Optical pump-probe experiments carried out in the time domain reveal both the intrinsic low-energy dynamics and its connections to higher-energy excitations in correlated electron systems. In this work, we propose two microscopic mechanisms for the optical generation of coherent magnetic modes in van der Waals magnets, and derive the corresponding effective light-spin interactions: either through pumping atomic orbital excitations resonantly or via a light-induced Floquet spin Hamiltonian, the ground state of the system is driven out of equilibrium.

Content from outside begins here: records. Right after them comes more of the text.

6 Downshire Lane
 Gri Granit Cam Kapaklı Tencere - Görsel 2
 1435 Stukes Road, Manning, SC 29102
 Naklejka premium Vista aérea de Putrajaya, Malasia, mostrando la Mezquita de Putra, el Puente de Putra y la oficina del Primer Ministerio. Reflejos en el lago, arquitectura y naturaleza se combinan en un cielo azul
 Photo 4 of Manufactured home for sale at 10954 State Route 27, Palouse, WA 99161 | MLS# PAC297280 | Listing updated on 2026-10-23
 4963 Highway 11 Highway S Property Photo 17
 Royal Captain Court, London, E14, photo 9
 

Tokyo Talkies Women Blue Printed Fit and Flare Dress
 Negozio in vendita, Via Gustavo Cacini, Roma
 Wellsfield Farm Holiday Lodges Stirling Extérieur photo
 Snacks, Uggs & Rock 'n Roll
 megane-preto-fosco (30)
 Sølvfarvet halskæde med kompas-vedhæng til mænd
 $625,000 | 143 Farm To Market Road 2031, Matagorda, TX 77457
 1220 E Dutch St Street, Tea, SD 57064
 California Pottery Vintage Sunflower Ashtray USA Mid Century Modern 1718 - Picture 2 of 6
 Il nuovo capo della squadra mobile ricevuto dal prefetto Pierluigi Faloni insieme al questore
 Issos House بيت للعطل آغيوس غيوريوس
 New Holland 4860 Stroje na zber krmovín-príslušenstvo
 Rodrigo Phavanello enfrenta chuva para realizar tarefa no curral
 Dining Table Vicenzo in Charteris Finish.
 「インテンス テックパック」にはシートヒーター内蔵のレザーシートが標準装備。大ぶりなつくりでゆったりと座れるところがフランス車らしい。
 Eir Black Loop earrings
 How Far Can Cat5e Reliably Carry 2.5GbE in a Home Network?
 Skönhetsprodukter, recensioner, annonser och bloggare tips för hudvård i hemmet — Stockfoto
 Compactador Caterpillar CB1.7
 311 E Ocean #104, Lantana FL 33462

The subsequent long-time relaxational dynamics can then be probed using, e.g., the magneto-optical Kerr effect or transient grating spectroscopy. As an example, we apply our framework to ${\mathrm{NiPS}}_{3}$, which is magnetically ordered in the bulk, and is conjectured to realize the XY model in the monolayer limit. Our theory makes explicit how the material's low-energy response depends sensitively on the microscopic details of the light-spin coupling as well as pump fluence, frequency, and polarization. For the case of bulk ${\mathrm{NiPS}}_{3}$, we find quantitative agreement with recent experiments [D. Afanasiev et al., Sci. Adv. 7, eabf3096 (2021)]. We further propose pump-probe experiments for monolayer ${\mathrm{NiPS}}_{3}$ and detail how anomalous relaxational behavior may reveal excitations of a (proximate) Berezinskii-Kosterlitz-Thouless phase in a proposed effective XY model.